Stored data entries:
--------------------
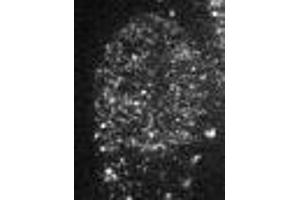 Immunofluorescence (IF) image for anti-Chromobox Homolog 1 (CBX1) (AA 176-185) antibody (ABIN2452034) (CBX1 Antikörper  (AA 176-185))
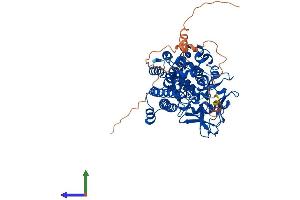 Protein Structure (PS) image for SET Domain Containing 3 (SETD3) (AA 1-594) protein (His tag) (ABIN7546079)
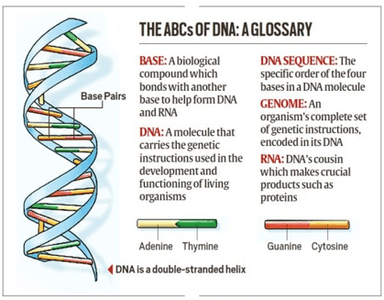 First Successful Use of Custom Gene Editing Treatment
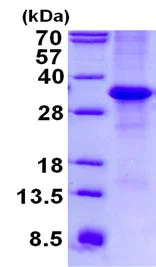 SDS-PAGE - Recombinant Human MFAP4 protein (denatured) (AB134547)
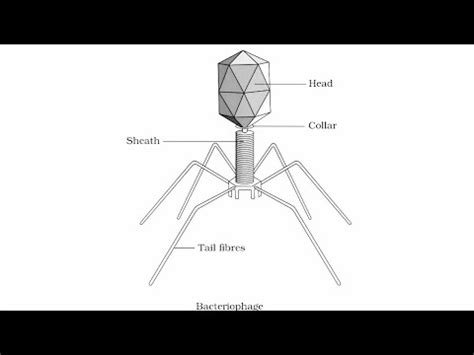 Diagram Of Bacteriophage Well Labelled Diagram Bacteriophage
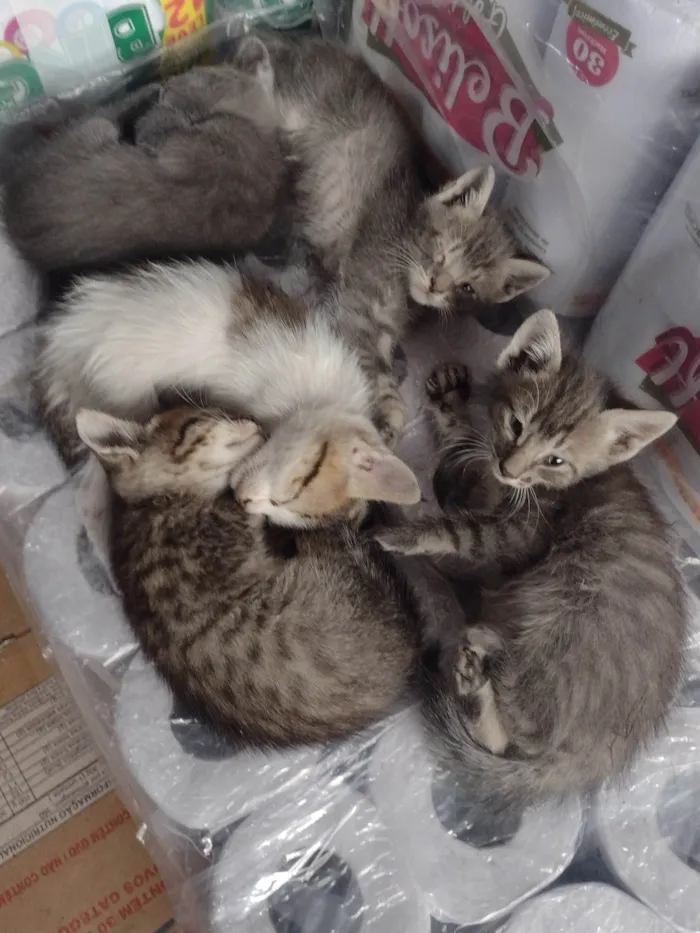 Gato ra a SRD-ViraLata idade 2 a 6 meses nome varios gatos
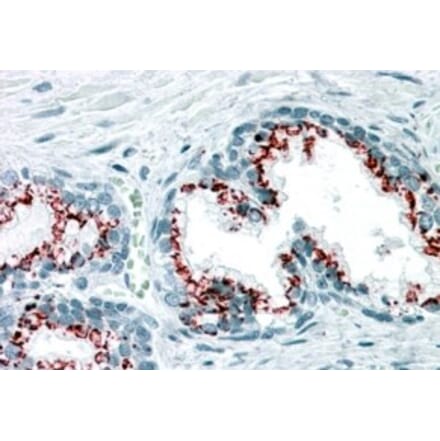 Immunohistochemistry - Anti-GOLPH2 Antibody (A83732) - Antibodies.com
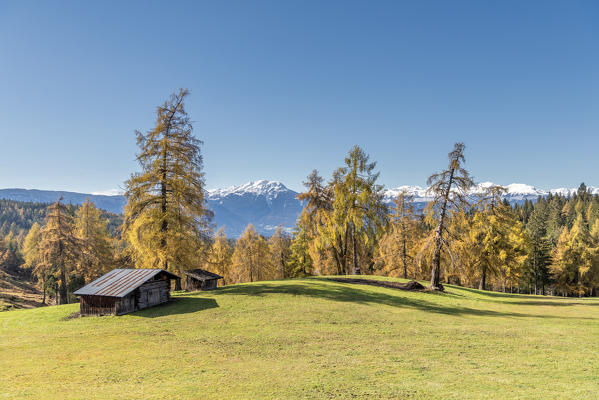 San Genesio / Jenesien, province of Bolzano, South Tyrol, Italy.  Autumn on the Salto, europe’s highest larch tree high plateau. In the background the Mount Luco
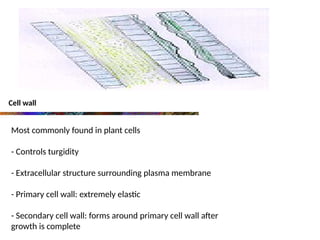 Cell wall
Most commonly found in plant cells
- Controls turgidity
- Extracellular structure surrounding plasma membrane
- Primary cell wall: extremely elastic
- Secondary cell wall: forms around primary cell wall after
growth is complete
 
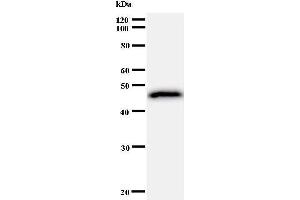 Western Blotting (WB) image for anti-General Transcription Factor II I Repeat Domain-Containing 1 (GTF2IRD1) antibody (ABIN930918) (GTF2IRD1 anticorps)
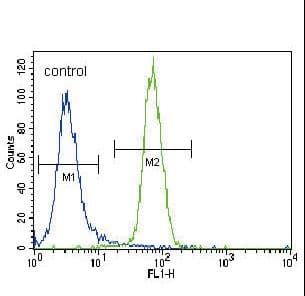 CBFA1 / RUNX2 Antibody (Ser533)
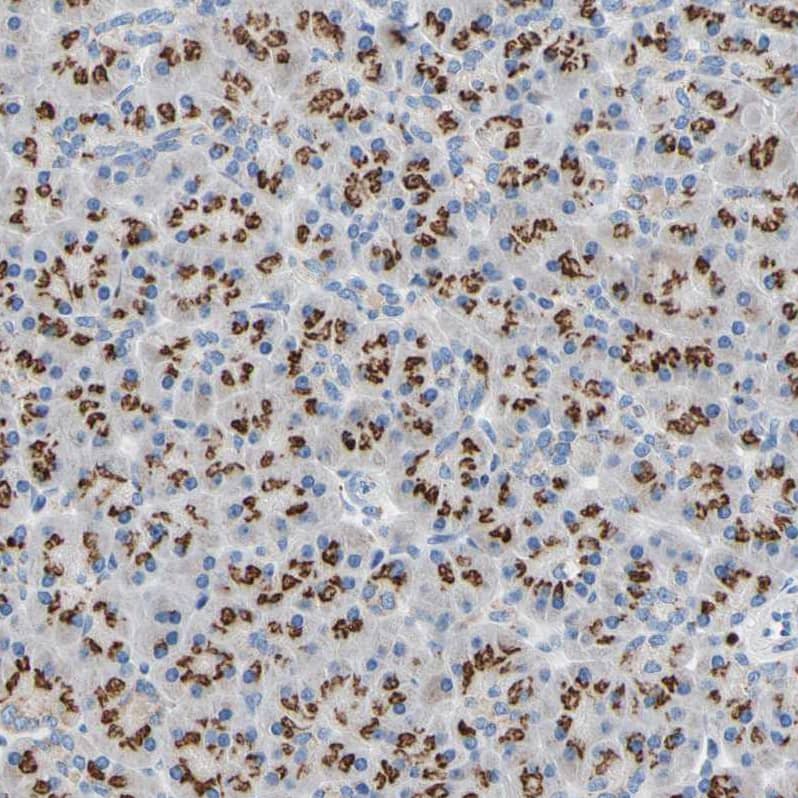 Staining of human pancreas shows strong cytoplasm granular positivity in exocrine glandular cells.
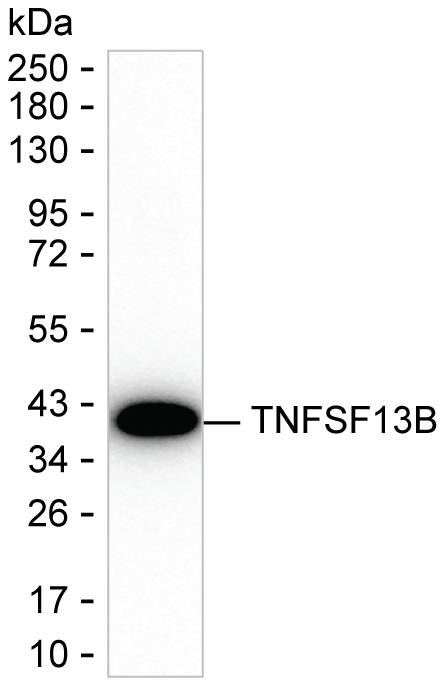BAFF Antibody in Western Blot (WB)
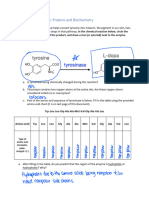 Signature Assignment 3 Enzymes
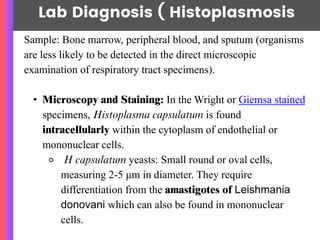 Lab Diagnosis ( Histoplasmosis
Sample: Bone marrow, peripheral blood, and sputum (organisms
are less likely to be detected in the direct microscopic
examination of respiratory tract specimens).
• Microscopy and Staining: In the Wright or Giemsa stained
specimens, Histoplasma capsulatum is found
intracellularly within the cytoplasm of endothelial or
mononuclear cells.
⚬ H capsulatum yeasts: Small round or oval cells,
measuring 2-5 μm in diameter. They require
differentiation from the amastigotes of Leishmania
donovani which can also be found in mononuclear
cells.
 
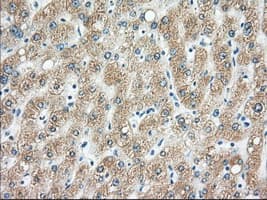 H6PD / G6PDH Antibody (clone OTI2C12)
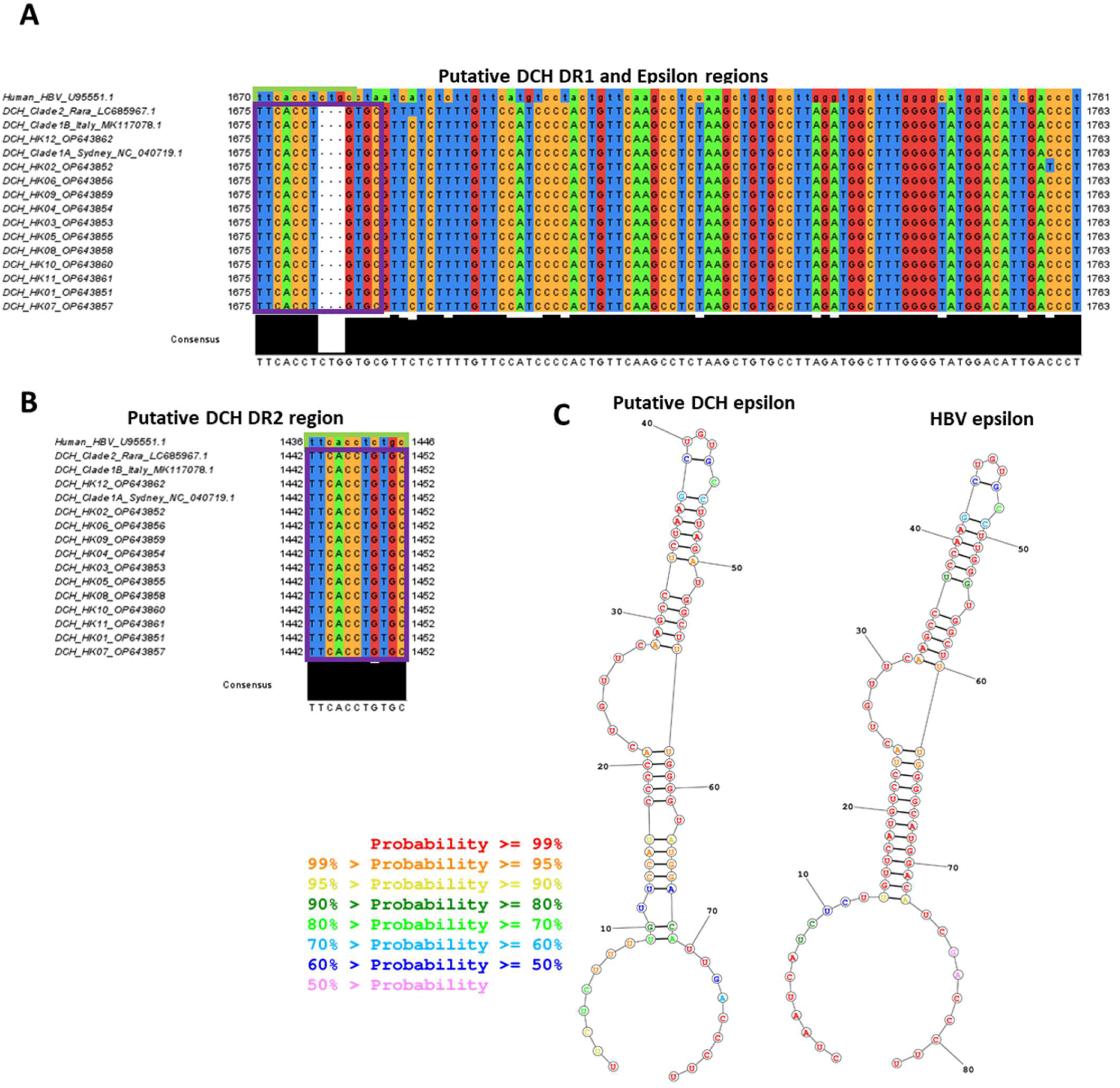 Viruses 15 00150 g002
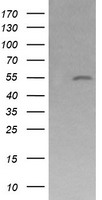 MDMX Antibody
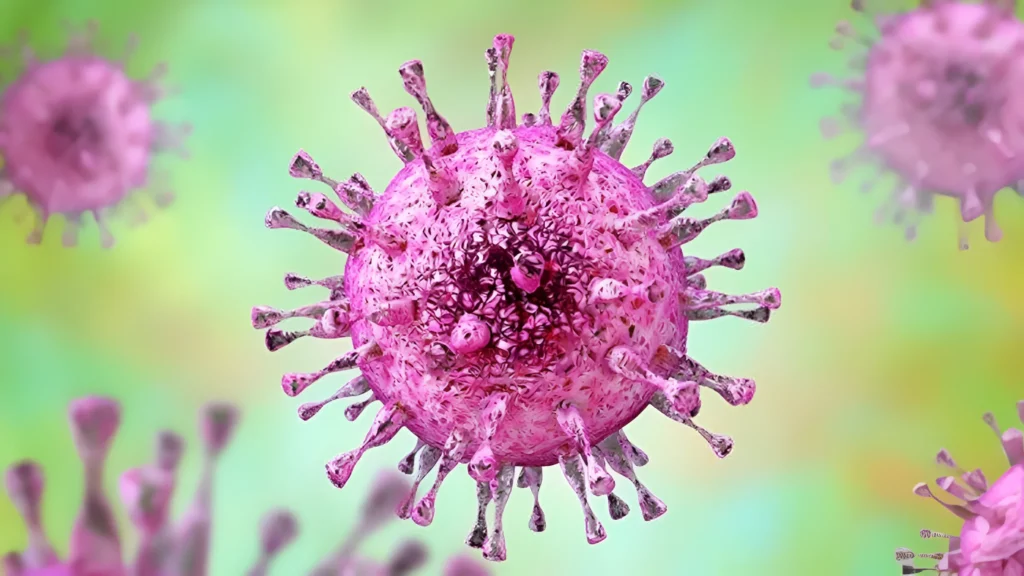 Citomegalovirus (CMV)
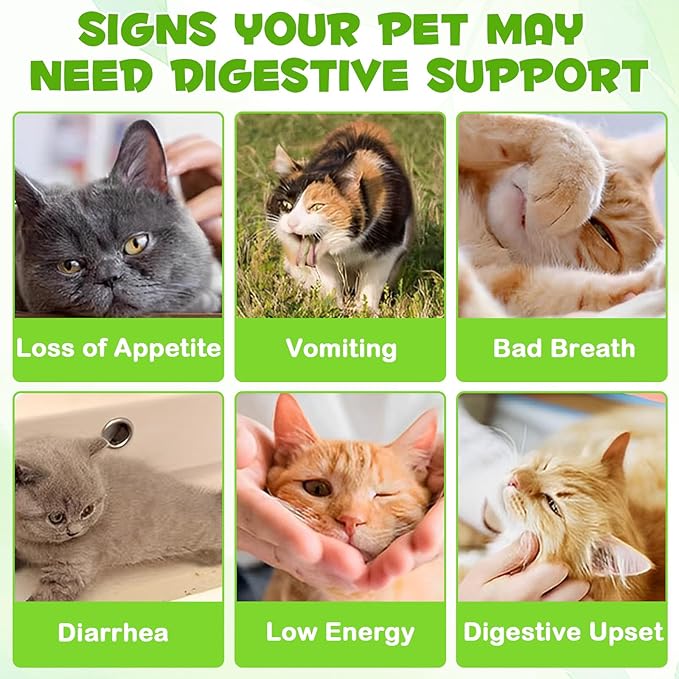 3 in 1 Probiotics for Cats, Cat Digestive Support,Daily Digestive Health Supplement with Multiple Strains of Bacteria Help with Diarrhea,Gas and Bloating, Cat Herbal Supplements- 60ml-PawvioPets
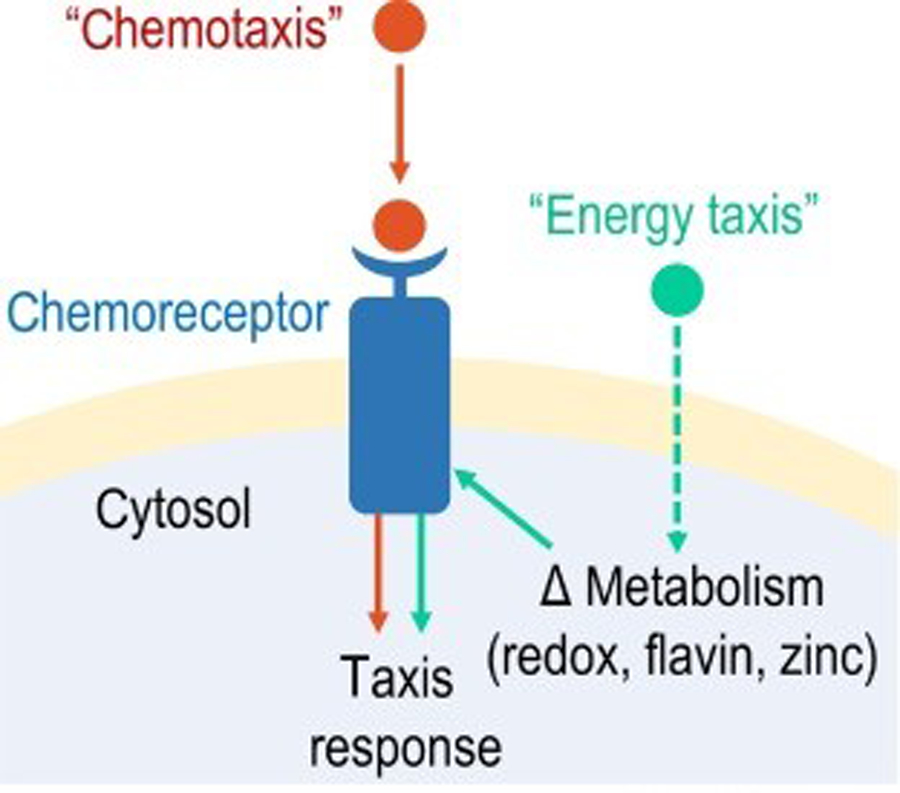 Diversity of bacterial taxis behaviors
--------------------
Total lines holding "capsulatum" in the records: report this figure alone.

◆ Answer box: 2